Минуты тянулись все более замедленно. Через двадцать пять минут Тад начал опасаться, не передумал ли Роули, который мог решить не ехать к нему. Он слез с бампера и встал в воротах между автомобильной свалкой и парковочной стоянкой, уже не заботясь о том, что его можно увидеть с дороги. Он уже подумывал, не стоит ли попытаться поймать попутную машину.
Тад решил попробовать еще разок позвонить Роули и был уже на полпути к знакомому телефону-автомату, когда появился пыльный «Фольксваген». Тад сразу узнал машину Роули и побежал к ней, с некоторым удивлением обдумывая необычную заботливость Роули о своем имуществе. Таду показалось, что вся нынешняя цена этой машины вряд ли превышает цену парочки бутылок содовой.
Роули остановился у торца здания и вышел.
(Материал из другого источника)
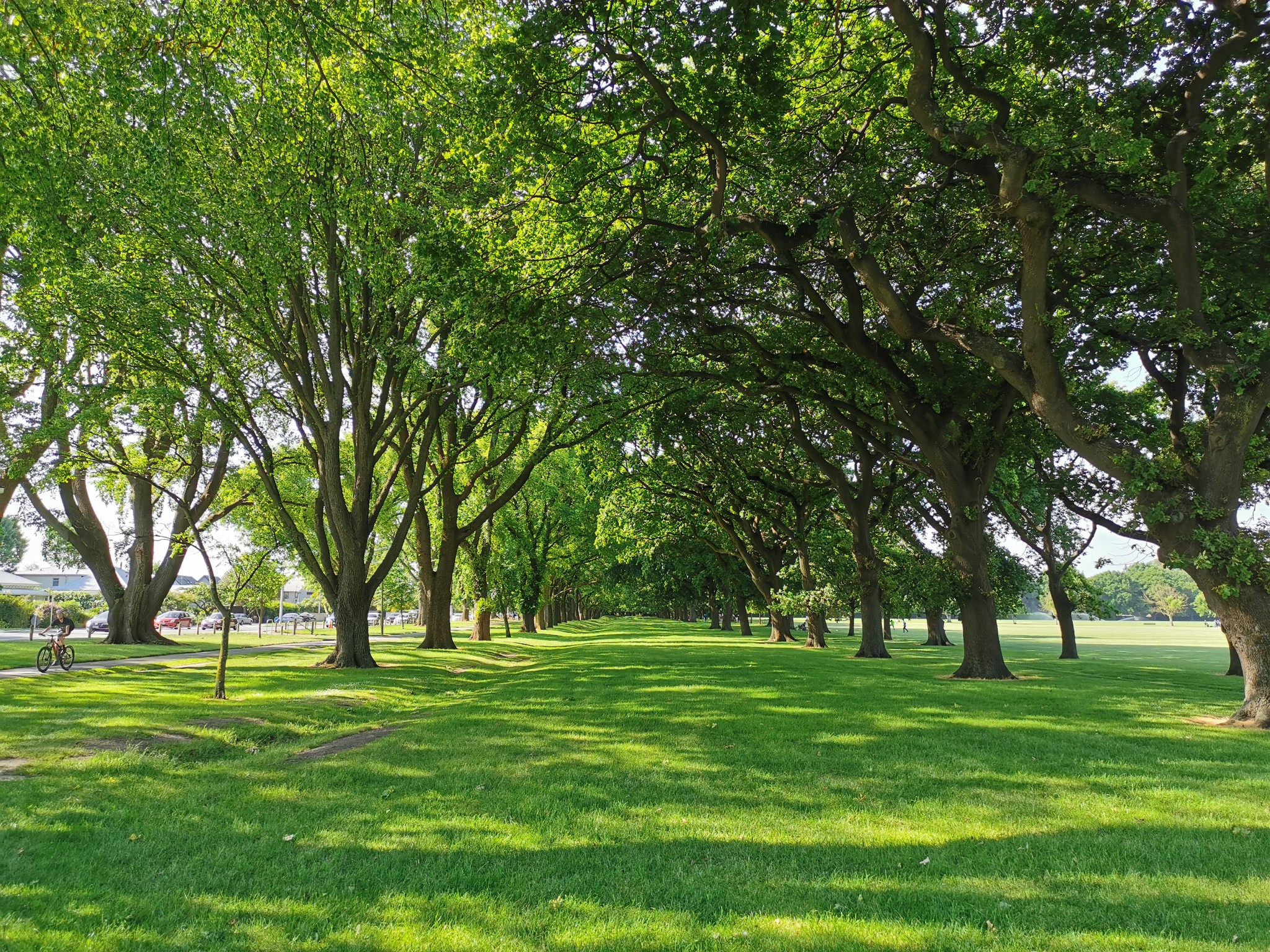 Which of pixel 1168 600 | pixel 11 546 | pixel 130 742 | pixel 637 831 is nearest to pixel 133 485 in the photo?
pixel 130 742

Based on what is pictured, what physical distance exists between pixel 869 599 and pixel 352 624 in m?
17.5

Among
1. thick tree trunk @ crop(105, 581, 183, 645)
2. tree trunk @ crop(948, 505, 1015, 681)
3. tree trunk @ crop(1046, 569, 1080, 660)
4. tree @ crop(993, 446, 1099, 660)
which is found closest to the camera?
tree trunk @ crop(948, 505, 1015, 681)

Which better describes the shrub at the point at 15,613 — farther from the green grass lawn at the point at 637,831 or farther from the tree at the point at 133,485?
the green grass lawn at the point at 637,831

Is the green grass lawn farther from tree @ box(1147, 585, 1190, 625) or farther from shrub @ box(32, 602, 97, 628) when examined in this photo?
tree @ box(1147, 585, 1190, 625)

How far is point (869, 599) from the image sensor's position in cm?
2608

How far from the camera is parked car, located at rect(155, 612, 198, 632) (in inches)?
2315

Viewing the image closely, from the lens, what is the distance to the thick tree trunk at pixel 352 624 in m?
19.4

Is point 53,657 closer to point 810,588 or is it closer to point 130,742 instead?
point 130,742

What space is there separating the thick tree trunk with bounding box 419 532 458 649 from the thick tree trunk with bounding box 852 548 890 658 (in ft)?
47.4

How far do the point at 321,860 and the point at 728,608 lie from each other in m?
55.2

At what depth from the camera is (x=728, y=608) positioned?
58.5m

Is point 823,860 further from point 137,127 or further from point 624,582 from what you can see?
point 624,582

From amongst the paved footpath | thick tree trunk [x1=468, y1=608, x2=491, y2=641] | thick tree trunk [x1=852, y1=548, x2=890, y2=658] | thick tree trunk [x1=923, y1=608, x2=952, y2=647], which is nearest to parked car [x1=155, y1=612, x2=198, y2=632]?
the paved footpath

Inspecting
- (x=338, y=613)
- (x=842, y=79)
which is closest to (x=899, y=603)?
(x=842, y=79) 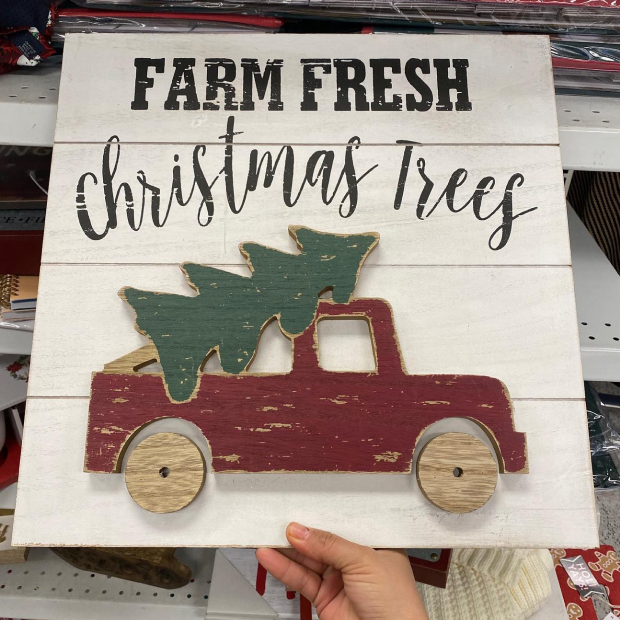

Тад удивился, увидев, что на этот раз трубка набита табаком и испускает гигантские клубы дыма, что было бы чрезвычайно невыносимо в закрытой комнате.
— Ты же не собирался снова возвращаться к курению, Роули, — было первым, что сорвалось с языка Тада.
— Ты тоже не собирался сбежать, — грустно ответил Роули.
Они глянули друг на друга на мгновение — и оба разразились смехом.
— Как ты доберешься домой? — спросил Тад. Сейчас, когда ему было необходимо просто кинутся за руль маленького «Фольксвагена» и отправиться в долгий путь по извилистой и ветреной дороге в Кастл Рок, Тад вдруг ощутил, что не сможет обойтись без проявления заботы о товарище.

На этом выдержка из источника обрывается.